[[ Material shown, beginning ]]

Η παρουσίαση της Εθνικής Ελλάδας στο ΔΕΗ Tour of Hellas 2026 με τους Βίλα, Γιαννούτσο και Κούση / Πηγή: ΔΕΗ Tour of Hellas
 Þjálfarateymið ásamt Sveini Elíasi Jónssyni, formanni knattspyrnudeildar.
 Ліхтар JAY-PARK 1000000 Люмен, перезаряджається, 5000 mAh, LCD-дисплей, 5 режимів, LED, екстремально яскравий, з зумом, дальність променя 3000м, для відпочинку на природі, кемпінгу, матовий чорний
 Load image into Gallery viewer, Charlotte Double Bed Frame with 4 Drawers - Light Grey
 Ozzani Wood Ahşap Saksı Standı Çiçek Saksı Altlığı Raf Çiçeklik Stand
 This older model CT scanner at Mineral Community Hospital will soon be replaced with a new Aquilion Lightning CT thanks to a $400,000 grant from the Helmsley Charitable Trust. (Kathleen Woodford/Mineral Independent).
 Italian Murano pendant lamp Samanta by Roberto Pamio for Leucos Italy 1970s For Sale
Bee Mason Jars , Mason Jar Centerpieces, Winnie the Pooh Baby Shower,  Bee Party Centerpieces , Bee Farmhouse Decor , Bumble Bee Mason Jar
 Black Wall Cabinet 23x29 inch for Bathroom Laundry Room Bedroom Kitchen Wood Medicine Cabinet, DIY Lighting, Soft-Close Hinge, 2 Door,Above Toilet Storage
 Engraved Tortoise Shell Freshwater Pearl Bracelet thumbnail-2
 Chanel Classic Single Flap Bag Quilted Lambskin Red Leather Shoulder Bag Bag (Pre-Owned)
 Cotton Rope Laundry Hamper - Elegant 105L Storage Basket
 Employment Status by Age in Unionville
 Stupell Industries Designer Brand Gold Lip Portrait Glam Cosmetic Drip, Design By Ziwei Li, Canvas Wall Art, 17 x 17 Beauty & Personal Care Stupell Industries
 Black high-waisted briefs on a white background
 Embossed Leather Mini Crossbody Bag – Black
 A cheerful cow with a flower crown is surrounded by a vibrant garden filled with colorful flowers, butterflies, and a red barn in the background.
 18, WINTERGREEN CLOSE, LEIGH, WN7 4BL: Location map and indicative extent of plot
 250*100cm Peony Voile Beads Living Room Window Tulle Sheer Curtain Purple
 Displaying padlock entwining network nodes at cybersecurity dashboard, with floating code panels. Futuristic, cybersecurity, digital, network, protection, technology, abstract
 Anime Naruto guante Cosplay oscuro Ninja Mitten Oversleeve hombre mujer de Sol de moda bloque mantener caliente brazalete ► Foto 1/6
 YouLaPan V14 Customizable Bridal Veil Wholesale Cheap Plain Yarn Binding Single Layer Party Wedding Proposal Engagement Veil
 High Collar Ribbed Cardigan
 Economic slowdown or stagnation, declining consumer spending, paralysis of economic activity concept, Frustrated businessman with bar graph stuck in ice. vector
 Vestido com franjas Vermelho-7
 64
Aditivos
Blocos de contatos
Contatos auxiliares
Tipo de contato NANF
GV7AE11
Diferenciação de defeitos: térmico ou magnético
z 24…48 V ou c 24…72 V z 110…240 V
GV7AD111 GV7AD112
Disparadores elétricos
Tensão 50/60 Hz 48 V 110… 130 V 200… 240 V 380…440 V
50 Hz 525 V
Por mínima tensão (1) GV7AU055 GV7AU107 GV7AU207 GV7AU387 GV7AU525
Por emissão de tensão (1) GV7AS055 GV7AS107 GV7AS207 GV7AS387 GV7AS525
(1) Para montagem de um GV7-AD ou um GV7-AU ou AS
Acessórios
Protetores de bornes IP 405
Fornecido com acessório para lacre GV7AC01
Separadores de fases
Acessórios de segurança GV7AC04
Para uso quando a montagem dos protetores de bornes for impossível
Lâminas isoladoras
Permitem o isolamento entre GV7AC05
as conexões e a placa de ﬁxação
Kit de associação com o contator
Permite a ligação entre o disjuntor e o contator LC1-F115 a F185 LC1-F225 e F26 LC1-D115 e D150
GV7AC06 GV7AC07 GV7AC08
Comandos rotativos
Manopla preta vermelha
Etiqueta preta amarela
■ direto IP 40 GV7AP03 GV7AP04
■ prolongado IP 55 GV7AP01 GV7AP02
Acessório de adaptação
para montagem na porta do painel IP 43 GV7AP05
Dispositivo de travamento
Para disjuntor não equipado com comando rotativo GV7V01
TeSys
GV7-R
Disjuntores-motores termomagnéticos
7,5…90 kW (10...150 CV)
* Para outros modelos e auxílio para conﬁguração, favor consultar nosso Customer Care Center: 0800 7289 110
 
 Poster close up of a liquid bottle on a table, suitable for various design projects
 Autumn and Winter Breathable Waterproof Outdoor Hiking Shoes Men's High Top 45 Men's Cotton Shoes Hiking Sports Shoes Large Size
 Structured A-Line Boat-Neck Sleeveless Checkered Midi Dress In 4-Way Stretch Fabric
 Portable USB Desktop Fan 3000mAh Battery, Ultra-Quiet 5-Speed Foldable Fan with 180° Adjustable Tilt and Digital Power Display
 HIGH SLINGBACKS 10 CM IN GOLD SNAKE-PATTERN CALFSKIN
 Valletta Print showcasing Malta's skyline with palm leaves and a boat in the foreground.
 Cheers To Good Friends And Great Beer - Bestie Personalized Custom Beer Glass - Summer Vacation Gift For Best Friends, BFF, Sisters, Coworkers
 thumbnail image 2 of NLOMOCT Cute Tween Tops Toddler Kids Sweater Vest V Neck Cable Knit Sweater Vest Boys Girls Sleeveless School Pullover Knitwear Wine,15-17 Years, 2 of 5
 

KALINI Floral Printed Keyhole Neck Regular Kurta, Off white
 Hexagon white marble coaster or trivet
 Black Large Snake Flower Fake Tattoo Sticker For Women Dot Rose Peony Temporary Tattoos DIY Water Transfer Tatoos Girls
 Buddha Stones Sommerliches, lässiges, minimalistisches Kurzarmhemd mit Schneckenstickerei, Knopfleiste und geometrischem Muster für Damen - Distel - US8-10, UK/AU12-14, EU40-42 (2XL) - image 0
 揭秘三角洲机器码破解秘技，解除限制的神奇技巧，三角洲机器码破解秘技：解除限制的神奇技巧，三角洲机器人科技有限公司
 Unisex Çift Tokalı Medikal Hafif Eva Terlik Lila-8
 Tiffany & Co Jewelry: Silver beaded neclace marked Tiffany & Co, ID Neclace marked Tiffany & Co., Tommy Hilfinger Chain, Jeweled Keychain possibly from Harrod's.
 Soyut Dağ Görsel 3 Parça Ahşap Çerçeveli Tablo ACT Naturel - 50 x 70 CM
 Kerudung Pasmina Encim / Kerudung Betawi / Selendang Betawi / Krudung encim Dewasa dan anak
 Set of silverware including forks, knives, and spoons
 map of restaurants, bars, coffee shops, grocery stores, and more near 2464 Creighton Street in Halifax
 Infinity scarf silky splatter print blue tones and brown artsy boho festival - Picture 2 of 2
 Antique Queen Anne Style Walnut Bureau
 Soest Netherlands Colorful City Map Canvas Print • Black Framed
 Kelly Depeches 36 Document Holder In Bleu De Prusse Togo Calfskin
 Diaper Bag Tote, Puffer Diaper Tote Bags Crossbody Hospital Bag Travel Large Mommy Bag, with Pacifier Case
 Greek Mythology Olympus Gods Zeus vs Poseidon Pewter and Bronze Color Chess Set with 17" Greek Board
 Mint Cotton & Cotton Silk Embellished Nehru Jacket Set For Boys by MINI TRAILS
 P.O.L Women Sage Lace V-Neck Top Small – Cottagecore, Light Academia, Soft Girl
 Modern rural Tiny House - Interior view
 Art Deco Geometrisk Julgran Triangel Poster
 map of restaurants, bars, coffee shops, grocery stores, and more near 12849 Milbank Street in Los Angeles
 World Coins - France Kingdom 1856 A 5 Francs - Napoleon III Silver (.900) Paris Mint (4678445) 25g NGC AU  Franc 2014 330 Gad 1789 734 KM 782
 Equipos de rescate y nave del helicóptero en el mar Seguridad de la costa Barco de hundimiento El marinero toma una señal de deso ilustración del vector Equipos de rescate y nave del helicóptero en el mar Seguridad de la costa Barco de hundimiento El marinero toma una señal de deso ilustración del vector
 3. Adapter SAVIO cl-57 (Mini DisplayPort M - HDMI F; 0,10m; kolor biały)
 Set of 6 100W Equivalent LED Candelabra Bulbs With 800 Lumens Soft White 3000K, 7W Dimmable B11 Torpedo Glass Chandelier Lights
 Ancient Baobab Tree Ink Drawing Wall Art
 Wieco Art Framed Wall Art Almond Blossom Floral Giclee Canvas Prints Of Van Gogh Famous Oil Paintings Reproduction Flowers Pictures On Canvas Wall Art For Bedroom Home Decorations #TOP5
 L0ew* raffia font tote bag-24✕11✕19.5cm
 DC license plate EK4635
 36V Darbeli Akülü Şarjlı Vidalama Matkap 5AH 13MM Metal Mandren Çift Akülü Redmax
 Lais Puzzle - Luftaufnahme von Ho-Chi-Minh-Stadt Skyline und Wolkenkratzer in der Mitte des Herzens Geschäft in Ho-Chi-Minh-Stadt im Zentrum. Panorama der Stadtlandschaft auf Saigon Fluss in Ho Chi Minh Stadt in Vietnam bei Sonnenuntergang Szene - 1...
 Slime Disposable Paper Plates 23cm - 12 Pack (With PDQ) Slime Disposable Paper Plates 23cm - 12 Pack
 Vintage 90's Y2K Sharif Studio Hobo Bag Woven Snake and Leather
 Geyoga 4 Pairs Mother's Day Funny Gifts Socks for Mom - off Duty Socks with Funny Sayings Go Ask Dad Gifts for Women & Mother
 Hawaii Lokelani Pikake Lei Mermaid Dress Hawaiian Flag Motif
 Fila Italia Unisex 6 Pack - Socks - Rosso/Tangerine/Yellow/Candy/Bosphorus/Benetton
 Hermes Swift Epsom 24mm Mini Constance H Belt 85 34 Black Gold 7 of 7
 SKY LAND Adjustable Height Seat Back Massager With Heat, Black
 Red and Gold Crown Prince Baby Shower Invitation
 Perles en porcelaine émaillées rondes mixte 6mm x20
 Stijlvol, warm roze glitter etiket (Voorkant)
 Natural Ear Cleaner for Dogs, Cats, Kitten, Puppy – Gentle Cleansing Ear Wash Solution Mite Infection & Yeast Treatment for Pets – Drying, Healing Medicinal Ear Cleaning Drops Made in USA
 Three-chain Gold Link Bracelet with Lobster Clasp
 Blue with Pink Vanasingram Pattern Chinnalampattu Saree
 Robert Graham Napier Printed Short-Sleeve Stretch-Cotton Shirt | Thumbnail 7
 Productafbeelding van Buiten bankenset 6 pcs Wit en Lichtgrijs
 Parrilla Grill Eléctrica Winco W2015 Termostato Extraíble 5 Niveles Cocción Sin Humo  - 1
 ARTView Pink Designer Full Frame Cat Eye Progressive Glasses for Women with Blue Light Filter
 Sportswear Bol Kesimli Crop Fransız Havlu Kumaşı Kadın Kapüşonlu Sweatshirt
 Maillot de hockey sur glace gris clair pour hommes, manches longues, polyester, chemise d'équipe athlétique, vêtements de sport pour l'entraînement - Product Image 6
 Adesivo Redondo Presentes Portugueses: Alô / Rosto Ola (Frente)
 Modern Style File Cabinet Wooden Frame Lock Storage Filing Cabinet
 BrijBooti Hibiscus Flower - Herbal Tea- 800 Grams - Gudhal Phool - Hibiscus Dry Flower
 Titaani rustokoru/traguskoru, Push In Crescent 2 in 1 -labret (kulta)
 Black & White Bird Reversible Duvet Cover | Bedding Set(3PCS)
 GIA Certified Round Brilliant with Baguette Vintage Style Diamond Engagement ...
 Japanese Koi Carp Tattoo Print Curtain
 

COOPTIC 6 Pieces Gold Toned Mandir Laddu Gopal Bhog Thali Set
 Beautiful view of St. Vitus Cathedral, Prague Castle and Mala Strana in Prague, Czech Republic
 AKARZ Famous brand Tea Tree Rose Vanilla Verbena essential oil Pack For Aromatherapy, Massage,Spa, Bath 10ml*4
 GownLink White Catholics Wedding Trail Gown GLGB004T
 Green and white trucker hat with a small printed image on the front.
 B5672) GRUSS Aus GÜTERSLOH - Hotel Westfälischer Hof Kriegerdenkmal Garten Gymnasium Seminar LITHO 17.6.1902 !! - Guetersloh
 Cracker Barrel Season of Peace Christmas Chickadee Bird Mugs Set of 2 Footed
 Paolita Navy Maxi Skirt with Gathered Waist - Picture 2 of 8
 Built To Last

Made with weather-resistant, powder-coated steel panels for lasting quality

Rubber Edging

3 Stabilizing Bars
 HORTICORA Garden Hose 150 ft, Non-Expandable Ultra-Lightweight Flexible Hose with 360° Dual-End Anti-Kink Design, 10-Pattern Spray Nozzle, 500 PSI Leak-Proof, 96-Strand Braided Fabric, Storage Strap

[[ Material shown, end ]]

What needs to be done: The expected response is the material above given again line by line, from its first line to the line holding "Þjálfarateymið ásamt Sveini", inclusive.

Answer for this exercise:
Η παρουσίαση της Εθνικής Ελλάδας στο ΔΕΗ Tour of Hellas 2026 με τους Βίλα, Γιαννούτσο και Κούση / Πηγή: ΔΕΗ Tour of Hellas
 Þjálfarateymið ásamt Sveini Elíasi Jónssyni, formanni knattspyrnudeildar.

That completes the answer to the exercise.